Nothing in the new place we don't actually use.
It sounds obvious. It might even sound easy. But "actually use" turns out to be a surprisingly demanding standard, and applying it consistently — to what we brought in, to what we were tempted to buy, to how we thought about the home going forward — changed the way the space felt from the very first week.
What the Rule Was Really Saying
The rule wasn't about minimalism for minimalism's sake. Neither of us had ever considered ourselves particularly spartan. We both owned things we liked and used. We both also owned things we kept around for vague reasons — habit, guilt, optimism about who we might one day become.
That second category was what the rule was designed to catch.
"Actually use" forced a more honest question than "do I like this?" or "might this be useful someday?" Both of those feel like valid reasons to keep something until you say them out loud in a new context. A yoga mat you haven't unrolled in eight months isn't a yoga mat — it's a hope. A juicer that lives at the back of the cabinet isn't a kitchen tool — it's a Sunday morning intention that never quite materialized. A stack of coffee table books you've never read aren't decorating your space so much as quietly judging it.
Intentional living, as a concept, gets talked about in lofty terms — aligning your choices with your values, being present, designing a life rather than just inhabiting one. But in practical terms, at the level of a two-bedroom apartment with limited closet space, it comes down to something much less glamorous: being honest about what you actually do versus what you imagine doing.
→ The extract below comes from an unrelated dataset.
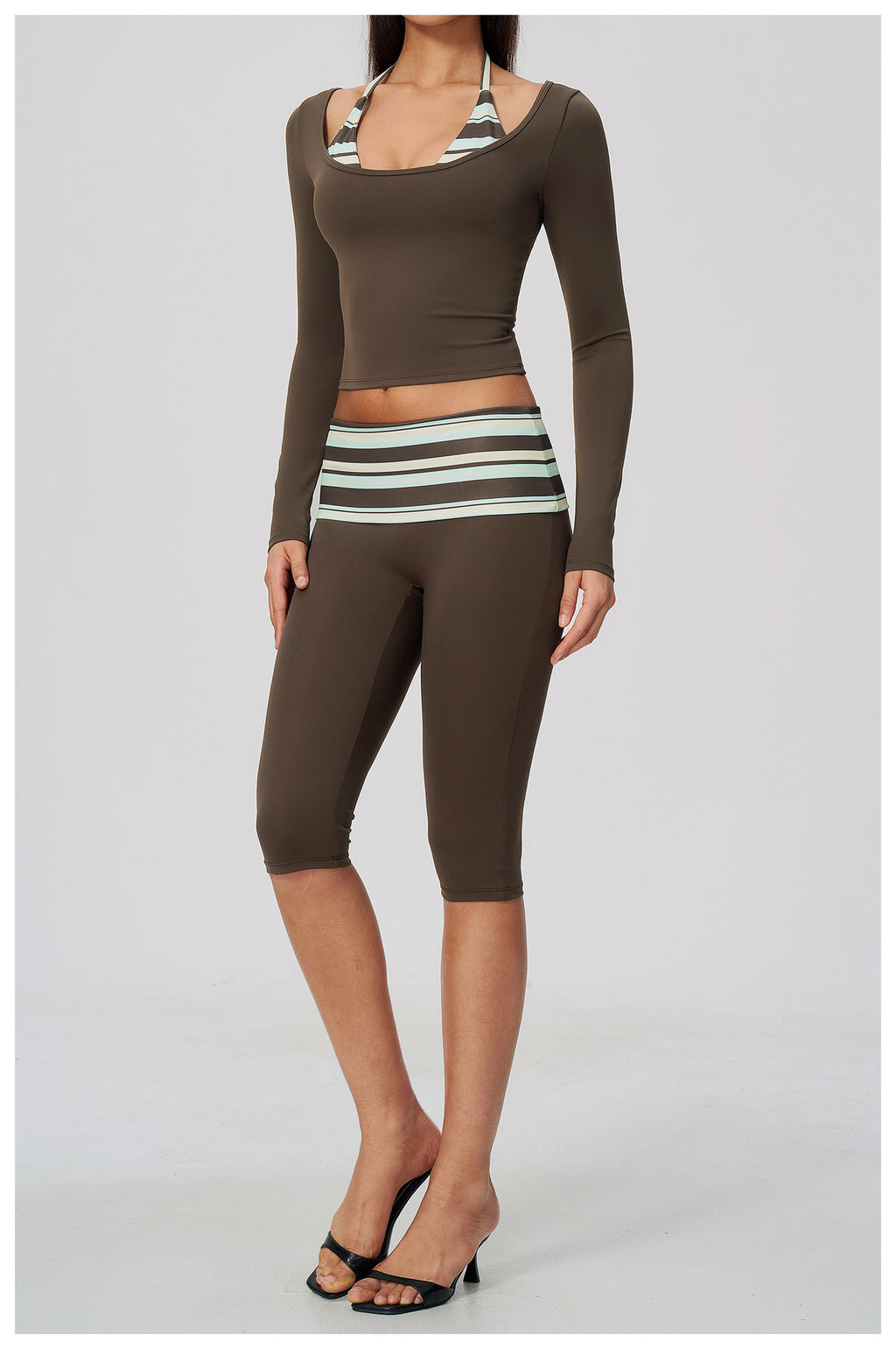 Women 2 Piece Yoga Set Halter Fake Two Piece Long Sleeve Yoga Top and Fold Over Striped Waist Capri Yoga Leggings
Buying New Things Had to Clear the Bar Too
The rule didn't just apply to what we brought in from our previous lives. It applied to every purchase we made for the new place.
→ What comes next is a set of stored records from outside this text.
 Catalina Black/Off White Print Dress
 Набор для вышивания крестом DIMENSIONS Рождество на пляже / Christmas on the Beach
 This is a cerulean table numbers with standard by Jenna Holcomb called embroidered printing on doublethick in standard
This was the harder part, because moving in together comes with an almost irresistible urge to nest. Suddenly you're shopping together, imagining the home you're building, and it's very easy to buy things that feel essential to a life you haven't yet established. You don't know if you'll host dinner parties regularly until you've actually lived there for six months. You don't know if you'll use the guest room enough to justify a full bed frame and matching nightstands before you've had a single overnight guest.
So we slowed down. Before buying anything for the space, we asked: do we actually need this, or do we think we should have this? There's a meaningful difference. "Should have" is driven by images of what a home is supposed to look like — from magazines, from other people's homes, from an ambient cultural pressure to signal a certain kind of adult life. "Actually need" is driven by what we do on an ordinary Tuesday.
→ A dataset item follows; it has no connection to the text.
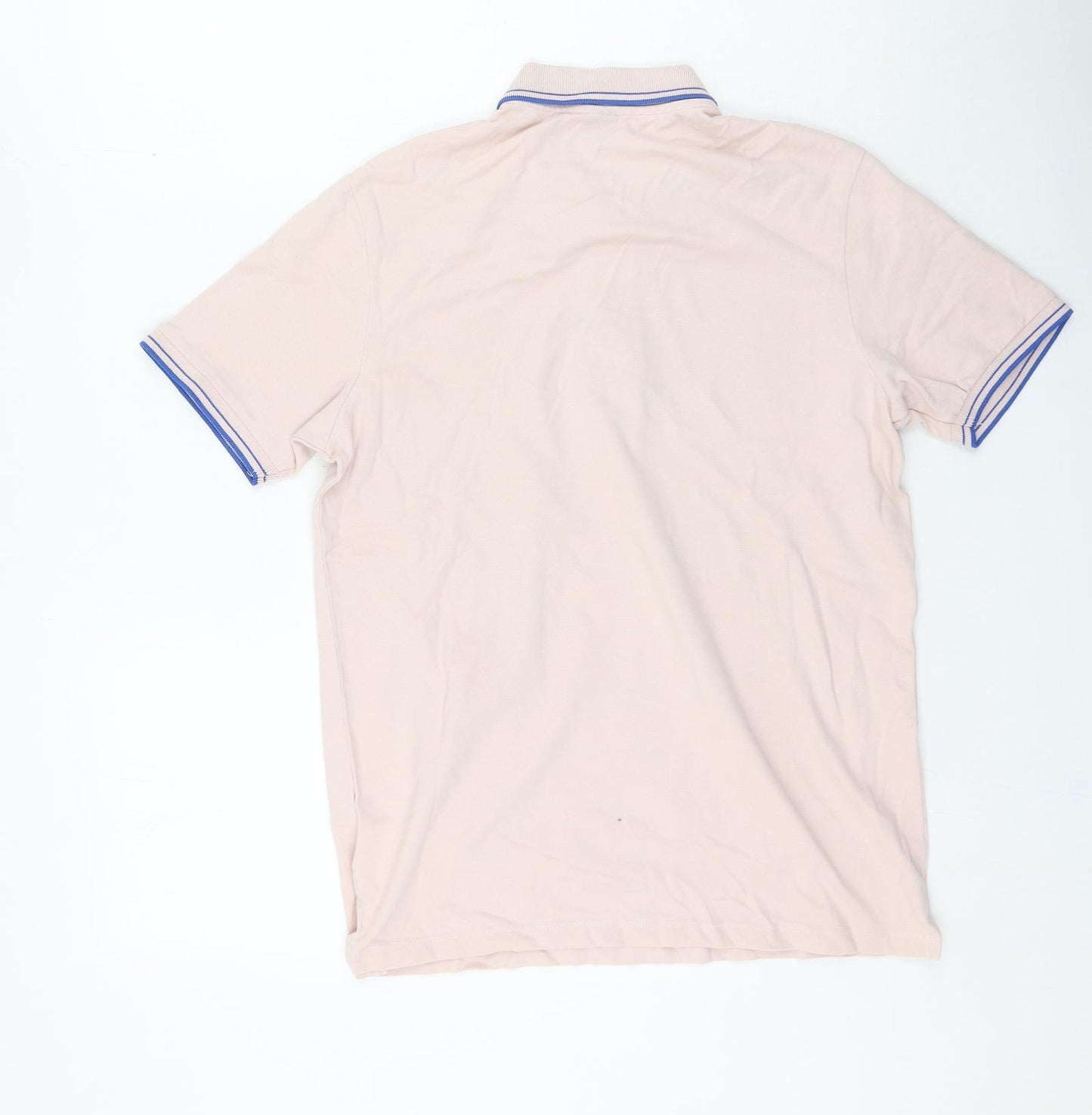 Replay Mens Pink Cotton Polo Size M Collared Button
The result was a home that came together slowly and intentionally, piece by piece, as needs revealed themselves through actual living rather than anticipation. The rug came after three weeks of noticing the living room felt cold. The lamp came after a month of squinting at books in dim corner light. The extra set of kitchen storage came after we cooked together enough times to understand where we ran out of space. Every addition had a clear reason and a specific job to do.
What the Rule Does to a Space
There's something you notice almost immediately in a home where everything is there because it's used: the space breathes. Surfaces have room. Closets close without force. The kitchen counter holds only what you reach for, and you can always find it.
This isn't just aesthetic. It changes how you move through the space, how quickly you can clean it, how much mental overhead the home generates. Clutter — even clutter you're accustomed to — creates a kind of low-grade noise. The half-used candle you keep meaning to finish, the pile of takeout menus in the drawer, the second set of sheets you've been meaning to donate but haven't: each one is a small, open loop. A home full of things you don't actually use is full of open loops, and they accumulate in ways you don't fully register until they're gone.
Things you love and use regularly give back more than they ask. Things you keep out of habit or guilt rarely do.
The Rule Doesn't Mean Living Without Comfort
It bears saying: this wasn't austerity. The rule wasn't "nothing nice" or "nothing sentimental" or "nothing that doesn't serve a strictly functional purpose." Art made the cut. Books made the cut. A comfortable sofa that costs more than was strictly necessary made the cut, because we sit on it every single day and it was worth it. The rule made space for those things precisely because it cleared out the things that didn't belong.
When everything earns its place, the things you genuinely love get more room — physically and visually. A single piece of art you actually respond to does more for a space than a wall of framed prints assembled more out of obligation to fill blank space than out of real feeling.
A Rule That Turns Out to Be About More Than Stuff
Living by this standard for the better part of a year, we've noticed it start to bleed outward — into time, into commitments, into the way we think about what to take on and what to let pass. The same question applies everywhere: is this actually serving the life we're living, or is it just there?
That's the thing about starting with something as concrete as a household rule. It's easy to nod along to high-minded principles about intentional living. It's harder — and more useful — to stand in your kitchen holding a panini press you've used twice and ask yourself the straightforward question. But if you ask it honestly, and you keep asking it, it starts to reshape not just what's on your countertop but how you make decisions more broadly.
Nothing in the new place we don't actually use. It's a small rule. It turns out to do a lot of work.